If they each convert $65,000 annually from their IRAs to Roth accounts ($130,000 total), they will initially pay tax at the 10% and 12% rates, with a small amount taxed at the 22% rate each year.
If they do this every year until age 72, when their RMD begins, they will have around $1,079,000 in each IRA, assuming a return of 7% per year. This would approximately halve their baseline RMD at age 72. Since they were in the 24% tax bracket at age 72, their taxable income would be reduced by approximately $74,500 and their tax burden would be reduced by approximately $17,880.
A significant portion of the earlier conversions each year would have been taxed at 10% or 12%, resulting in less total tax paid over their lifetimes.
Protection Against Rising Tax Rates
The preceding illustration illustrates the benefits of Jim and Susan’s Roth conversions, assuming tax rates remain unchanged. If, in ten years, tax rates on higher earnings increase, they will have less income to be taxed at those higher levels since their IRA balances and RMDs will be smaller.
Assuming a growth rate of 7%, they would likewise have around $1,000,000 in each Roth IRA by the age of 72. This can be withdrawn tax-free if further funds are required. This is always advantageous, but especially so in a world with higher total tax rates.

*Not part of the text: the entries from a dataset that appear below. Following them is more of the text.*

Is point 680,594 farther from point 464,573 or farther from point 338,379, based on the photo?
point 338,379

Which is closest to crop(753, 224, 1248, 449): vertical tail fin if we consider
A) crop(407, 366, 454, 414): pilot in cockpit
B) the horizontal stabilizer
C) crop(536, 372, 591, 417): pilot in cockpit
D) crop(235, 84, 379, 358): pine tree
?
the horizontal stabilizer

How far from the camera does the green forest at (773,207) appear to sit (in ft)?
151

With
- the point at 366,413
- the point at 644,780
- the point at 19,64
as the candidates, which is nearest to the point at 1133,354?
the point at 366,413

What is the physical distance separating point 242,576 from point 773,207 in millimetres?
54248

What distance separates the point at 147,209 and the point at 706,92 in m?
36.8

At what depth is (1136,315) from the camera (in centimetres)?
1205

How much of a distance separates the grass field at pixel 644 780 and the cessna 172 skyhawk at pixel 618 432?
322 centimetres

Roth Conversions to Take Advantage of a Market Decline
Jim and Susan can take advantage of market drops to undertake strategic Roth conversions, in addition to the benefits of Roth conversions when in lower tax bands.
Suppose that a market downturn over the first half of the year results in the following negative returns:
-2% (Bonds) (Bonds)
-10% (Large US stocks) (Large US stocks)
-15% (Large international stocks) (Large international stocks)

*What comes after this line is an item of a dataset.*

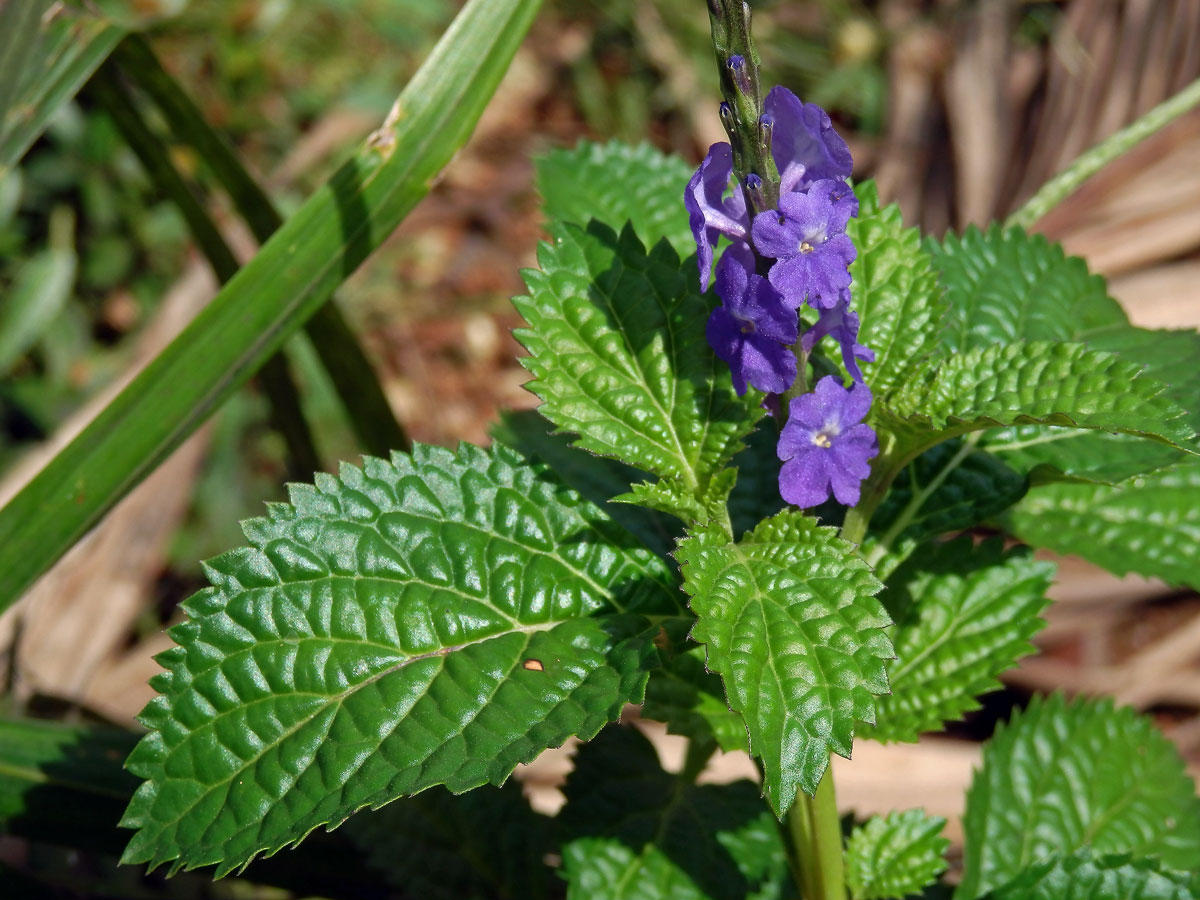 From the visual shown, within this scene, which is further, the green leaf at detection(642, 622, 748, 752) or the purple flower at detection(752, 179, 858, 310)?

-20% (Small US stocks, small overseas equities, emerging market stocks) (Small US stocks, small international stocks, emerging market stocks)

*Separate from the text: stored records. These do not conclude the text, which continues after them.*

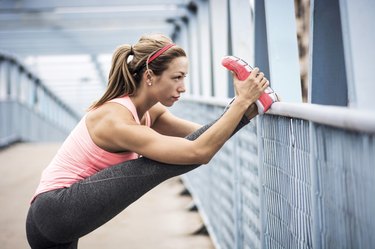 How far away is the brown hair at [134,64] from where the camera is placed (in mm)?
2422

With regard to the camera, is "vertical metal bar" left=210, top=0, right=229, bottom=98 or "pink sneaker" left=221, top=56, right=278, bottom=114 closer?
"pink sneaker" left=221, top=56, right=278, bottom=114

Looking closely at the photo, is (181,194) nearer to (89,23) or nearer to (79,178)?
(79,178)

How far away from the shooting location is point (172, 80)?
2441 millimetres

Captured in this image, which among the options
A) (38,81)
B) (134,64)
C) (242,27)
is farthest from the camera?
(38,81)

This presents Jim and Susan with an excellent chance to strategically transfer certain small U.S., small international, and emerging market securities from their IRAs to their Roth accounts. Assuming the investments recover as anticipated, Jim and Susan can pay tax on the conversion when prices are low and enjoy a substantial tax-free return once the investments have been transferred to a Roth account.
Additional Factors to Think About
There are a number of other variables for Jim and Susan to consider when converting to Roth early in retirement.
Depending on their taxable income, retirees who get individual health insurance before Medicare begins may be eligible for subsidies that reduce the cost of their premiums. In the case of Jim and Susan, their retiree healthcare coverage does not qualify for tax subsidies, therefore this is irrelevant.
If your taxable income exceeds a set threshold once Medicare Part B benefits begin at age 65, you must pay an extra IRMAA fee. In 2022, this additional premium begins when a married couple’s income exceeds $182,000.
Roth conversions can be an integral aspect of an estate plan for retirees who hope to leave money to an heir, as leaving Roth assets to heirs is much more valuable than leaving standard IRA money to heirs.
Roth conversions early in retirement can be a strong tool for minimizing taxes during your lifetime and maximizing your overall expected wealth, while they are not the optimal answer for everyone.
This can be an additional tool for maximizing retirement and living life to the fullest!